Denglish und Jugendsprache

Vortrag vor polnischen Deutschlehrern, Studenten und Oberstufen-Schülern in Danzig, im Rahmen des Schriftsteller-Austausches Bremen-Danzig im Oktober 2005

von Birgid Hanke

Deutsches Wörterbuch Als ich vor einigen Wochen die Anfrage erhielt, ob ich nicht vor hiesigen Deutschlehrern einen Vortrag zu einem Thema meiner Wahl halten könne, musste ich gar nicht lange nachdenken. Ganz spontan fiel mir etwas ein, worüber ich mich schon seit Jahr und Tag immer wieder ärgere. Nun bot sich mir die Gelegenheit, dieses Thema sogar nicht nur aufzugreifen, sondern einmal richtig aufzuspießen und mich darüber auszulassen:
Es geht um Denglisch, also den Sprachmischmasch aus Deutsch und Englisch, der in der deutschen Umgangssprache mittlerweile alltäglich ist. Ich will und kann mich daran einfach nicht so recht gewöhnen, stolpere immer wieder über besonders dumme Formulierungen oder Stilblüten, von denen ich hier einige vorstellen möchte. Als Autorin und Journalistin habe ich tagtäglich mit Sprache zu tun und vielleicht ein besonders feines Ohr für Unstimmigkeiten.

Aber auch ich habe mich im Laufe der Zeit daran gewöhnen müssen, zu einem „Meeting“ gehen zu müssen, wenn ich einen beruflichen Termin wahrnehme. In solch einem „Meeting“ werde ich dann „gebrieft“, was da heißen soll: Mir werden die Informationen und Bedingungen des „Jobs“, also des Auftrags, den ich übernehme, mitgeteilt.
Ein bisschen schief guckte ich dennoch, als mir zum ersten Mal mitgeteilt wurde, ich sei nunmehr und bis auf Weiteres für das „Wording“ zuständig, also dafür verantwortlich, dass alle im Zusammenhang mit dem laufenden Projekt verfassten Schriftstücke in einem korrekten, sauberen, lesbaren, gut verständlichem Deutsch an die Öffentlichkeit gelangen: „Wording“ eben.

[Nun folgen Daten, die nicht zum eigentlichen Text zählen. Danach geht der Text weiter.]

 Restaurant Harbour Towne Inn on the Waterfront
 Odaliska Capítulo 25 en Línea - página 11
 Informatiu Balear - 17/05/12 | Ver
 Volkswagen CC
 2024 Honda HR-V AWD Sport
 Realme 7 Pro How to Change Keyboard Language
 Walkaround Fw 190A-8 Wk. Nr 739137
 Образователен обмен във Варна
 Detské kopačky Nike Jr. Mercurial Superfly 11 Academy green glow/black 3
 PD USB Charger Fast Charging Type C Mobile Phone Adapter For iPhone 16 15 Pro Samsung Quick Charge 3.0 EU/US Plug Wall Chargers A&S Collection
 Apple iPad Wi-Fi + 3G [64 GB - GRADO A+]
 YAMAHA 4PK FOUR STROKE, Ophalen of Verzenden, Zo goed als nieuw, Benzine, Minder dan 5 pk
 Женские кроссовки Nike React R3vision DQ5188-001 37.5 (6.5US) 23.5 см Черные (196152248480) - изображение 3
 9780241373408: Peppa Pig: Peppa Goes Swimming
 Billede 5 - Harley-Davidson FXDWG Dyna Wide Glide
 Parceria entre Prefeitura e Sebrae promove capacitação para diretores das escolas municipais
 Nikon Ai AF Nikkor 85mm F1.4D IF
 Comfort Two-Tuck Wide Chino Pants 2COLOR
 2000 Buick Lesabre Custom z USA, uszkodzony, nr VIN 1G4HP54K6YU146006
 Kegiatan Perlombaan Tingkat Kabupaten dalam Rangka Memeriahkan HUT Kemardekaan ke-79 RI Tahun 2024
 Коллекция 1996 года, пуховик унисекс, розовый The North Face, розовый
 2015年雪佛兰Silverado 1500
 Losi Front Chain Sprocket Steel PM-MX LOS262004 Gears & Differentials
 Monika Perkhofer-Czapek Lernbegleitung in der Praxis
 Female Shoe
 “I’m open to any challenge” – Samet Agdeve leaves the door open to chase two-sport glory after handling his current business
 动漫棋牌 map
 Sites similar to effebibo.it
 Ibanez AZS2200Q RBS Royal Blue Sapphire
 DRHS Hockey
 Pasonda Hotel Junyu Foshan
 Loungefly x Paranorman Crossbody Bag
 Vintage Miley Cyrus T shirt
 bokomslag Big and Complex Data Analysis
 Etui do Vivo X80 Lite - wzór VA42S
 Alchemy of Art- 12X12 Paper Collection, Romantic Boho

Da nur die wenigsten SchriftstellerInnen in Deutschland vom Bücherschreiben auch leben können, bin ich gezwungen, meine Brötchen in den unterschiedlichsten beruflichen Bereichen zu verdienen. Dazu gehört unter anderem auch das Übertragen amerikanischer „True Stories“ ins Deutsche, aber auch, dass ich ab und an als „Ghostwriterin“ tätig bin. In diesem Zusammenhang fällt mir gerade auf. Es ist doch seltsam, dass die für „Denglisch“ gerade so anfälligen Radiosender bei ihren Verkehrsmeldungen immer vor Geisterfahrern warnen. Das ist ein sehr anschaulicher Begriff. Seltsam, dass gerade diese Sender, die mir schon beim Einschalten auf die Nerven gehen, weil sie mich zum „Rocken, Poppen, Dancen“ auffordern, nicht vor „Ghostdrivern“ warnen. Wahrscheinlich nur eine Sache der Zeit.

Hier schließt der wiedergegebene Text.